EXERCISE INPUT:
+++
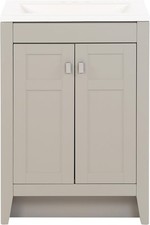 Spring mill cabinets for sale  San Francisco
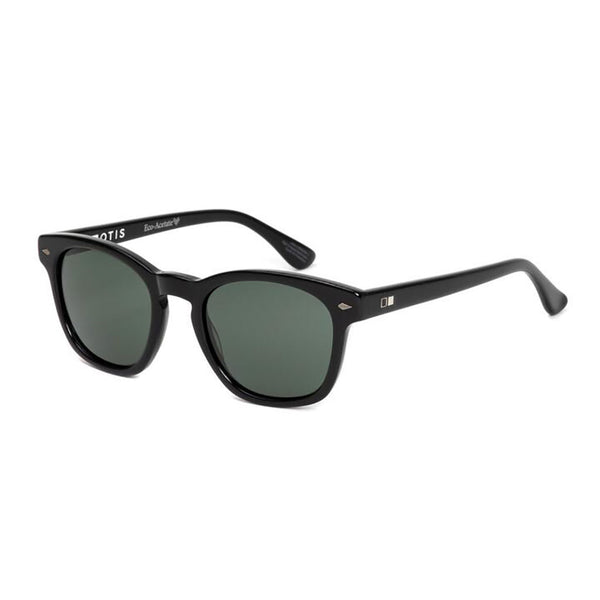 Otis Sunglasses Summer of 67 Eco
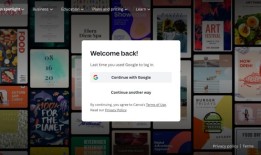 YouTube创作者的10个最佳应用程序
+++
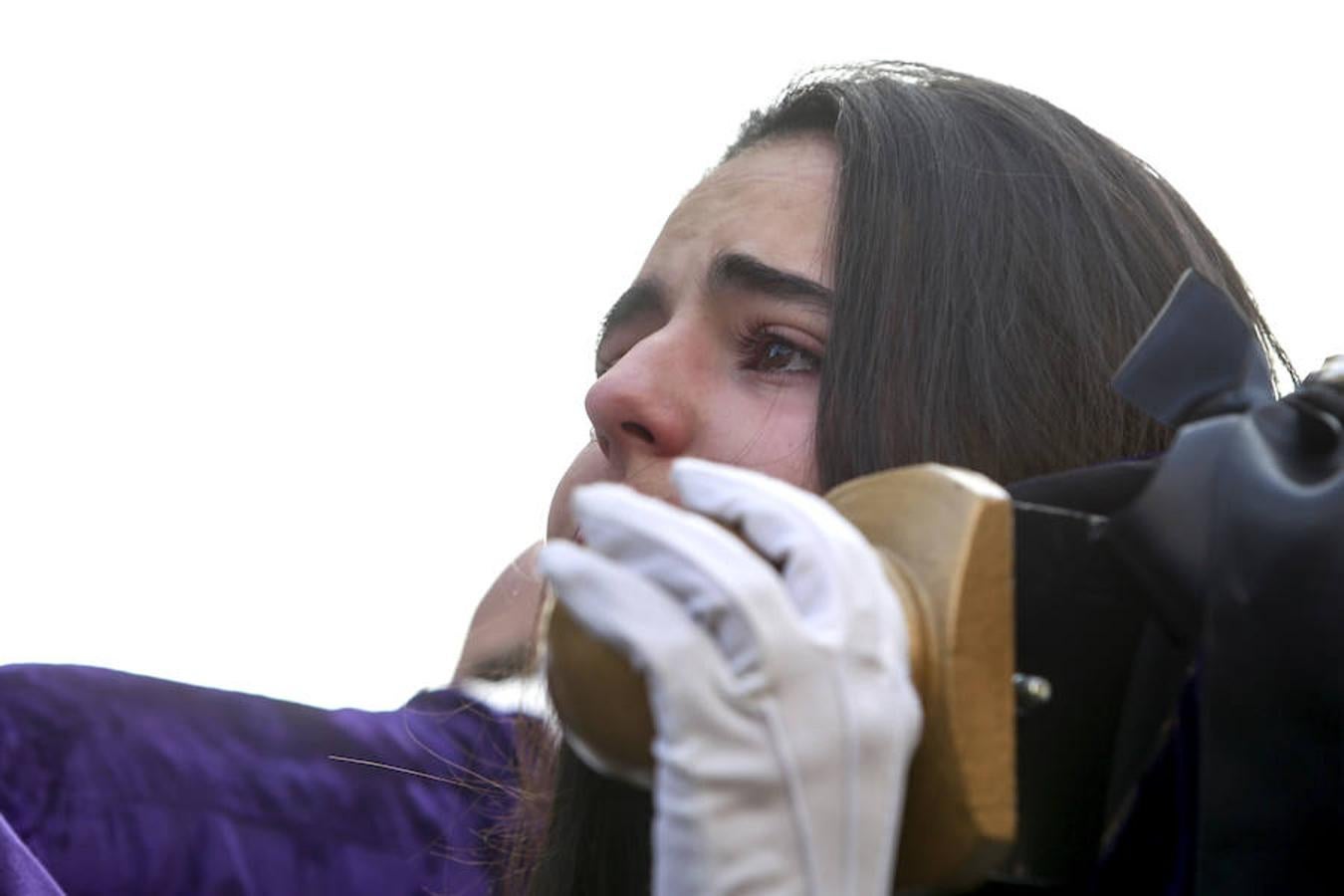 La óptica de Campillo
+++
ASSIGNMENT: Above are entries with pictures among them. Write out exactly the lines from the one containing "Spring mill cabinets" through the one containing "YouTube创作者的10个最佳应用程序", ends included, and leave those pictures out.

EXERCISE SOLUTION:
 Spring mill cabinets for sale  San Francisco
 Otis Sunglasses Summer of 67 Eco
 YouTube创作者的10个最佳应用程序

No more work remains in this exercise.